* What this task involves *
Print the data below exactly, but only the lines from the one containing "Vier mal Ziegelei" down to the one containing "Lidarno House |", inclusive.

* Records provided *
○ ○ ○ ○ ○ ○ ○

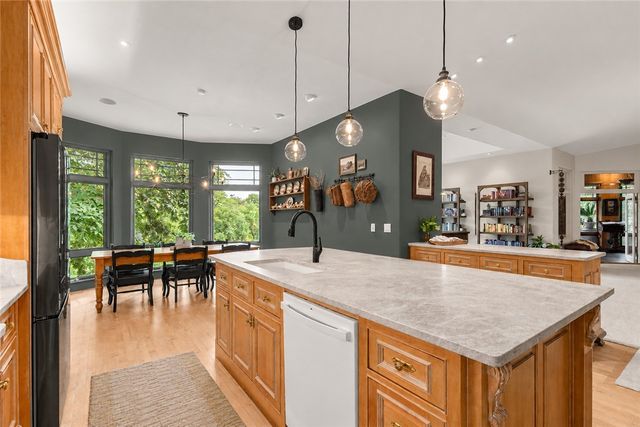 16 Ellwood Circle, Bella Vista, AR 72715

○ ○ ○ ○ ○ ○ ○

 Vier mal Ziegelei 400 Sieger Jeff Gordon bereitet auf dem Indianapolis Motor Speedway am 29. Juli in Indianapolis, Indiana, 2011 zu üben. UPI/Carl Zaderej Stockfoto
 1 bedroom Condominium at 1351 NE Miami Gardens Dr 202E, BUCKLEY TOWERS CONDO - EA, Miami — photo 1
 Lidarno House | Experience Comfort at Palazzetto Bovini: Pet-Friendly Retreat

○ ○ ○ ○ ○ ○ ○

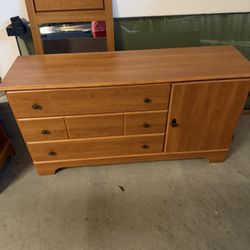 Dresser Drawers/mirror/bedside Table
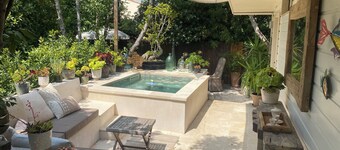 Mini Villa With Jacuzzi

○ ○ ○ ○ ○ ○ ○

* Final answer *
 Vier mal Ziegelei 400 Sieger Jeff Gordon bereitet auf dem Indianapolis Motor Speedway am 29. Juli in Indianapolis, Indiana, 2011 zu üben. UPI/Carl Zaderej Stockfoto
 1 bedroom Condominium at 1351 NE Miami Gardens Dr 202E, BUCKLEY TOWERS CONDO - EA, Miami — photo 1
 Lidarno House | Experience Comfort at Palazzetto Bovini: Pet-Friendly Retreat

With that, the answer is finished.